The master keeps several data structures. For each map task and reduce task, it stores the state (idle, in-progress, or completed), and the identity of the worker machine (for non-idle tasks).

Fault Tolerance

The master pings every worker periodically. If no response is received from a worker in a certain amount of time, the master marks the worker as failed. Any map tasks completed by the worker are reset back to their initial idle state, and therefore become eligible for scheduling on other workers.

In case of Master Failure, It is easy to make the master write periodic checkpoints of the master data structures described above. If the master task dies, a new copy can be started from the last checkpointed state.

Implementation

Uses commodity HW and GFS.
Master/Slave relationship amongst machines. Master delegates tasks to slaves.
Intermediate representation saved as files.
Many MapReduce jobs can happen in sequence.

Naiad

Where MapReduce was suited for a specific family of solutions, Naiad tries to generalize the solution to apply parallelization to a much wider family. Naiad supports MapReduce style solutions, but also many other solutions. However, the tradeoff was simplicity. It's like we took MapReduce and took away its low barrier to entry. The idea is to create a constrained graph that can easily be parallelized.

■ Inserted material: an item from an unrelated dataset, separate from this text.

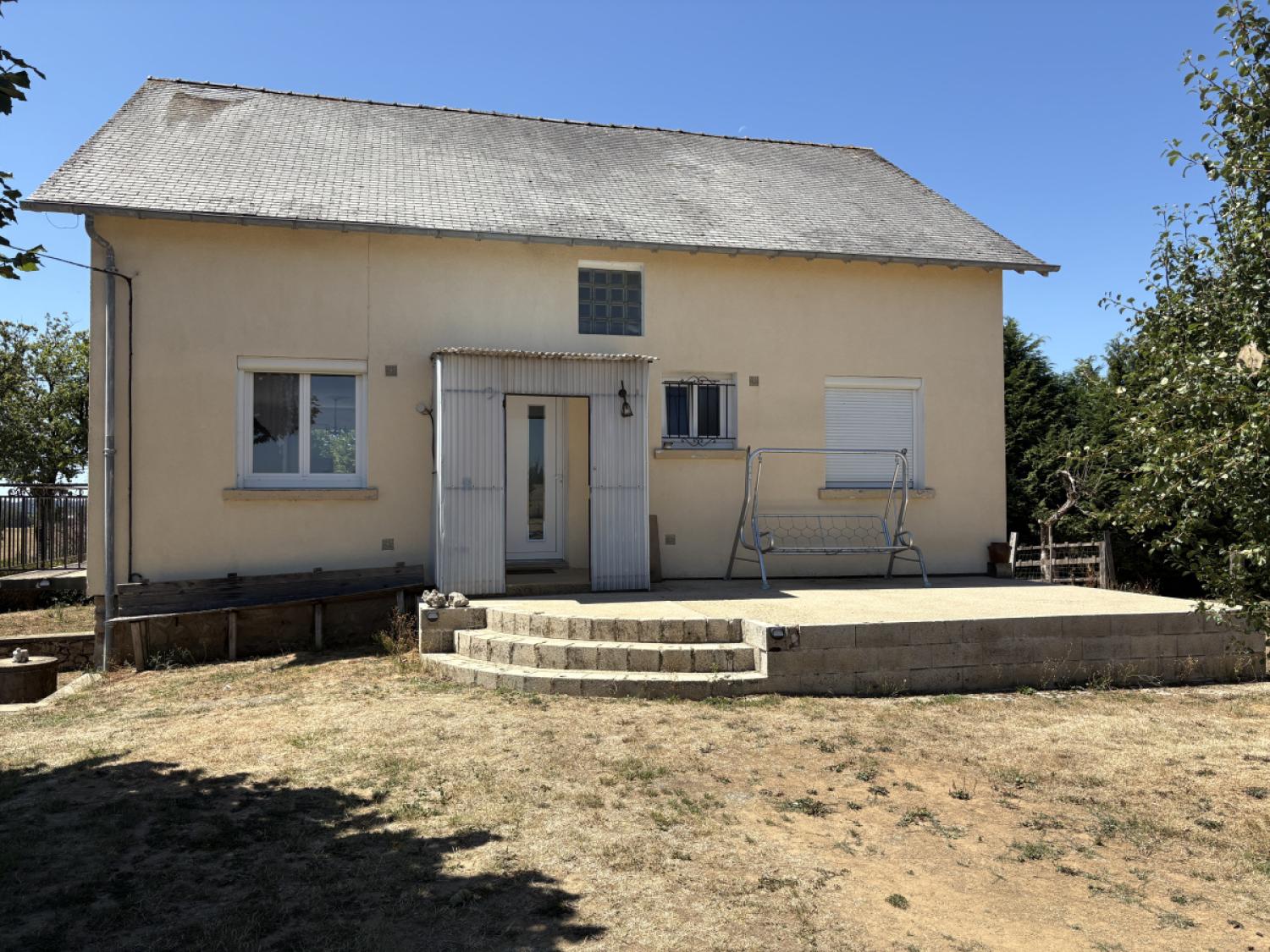  à vendre maison indépendant Beyssenac Corrèze 2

More complicated than Map Reduce
Talks about Timely dataflow graphs
Its all about Graph algorithms - Graph abstraction
Restrictions on graphs so that they can be mapped to parllel computation
How to fit anything to this model is a big question.
More general than map reduce.

After reading the MapReduce paper, you could easily write a map reduce job. After reading the Naiad, you can't. Naiad is super complicated.
Their model is super complicated. It doesn't minimize our cognitive load.
Doesn't scale at all. After about 40 nodes, there is no improvement in performance. MapReduce can scale to thousands of nodes and scales forever.
Nobody wants to use it because the abstraction is complicated.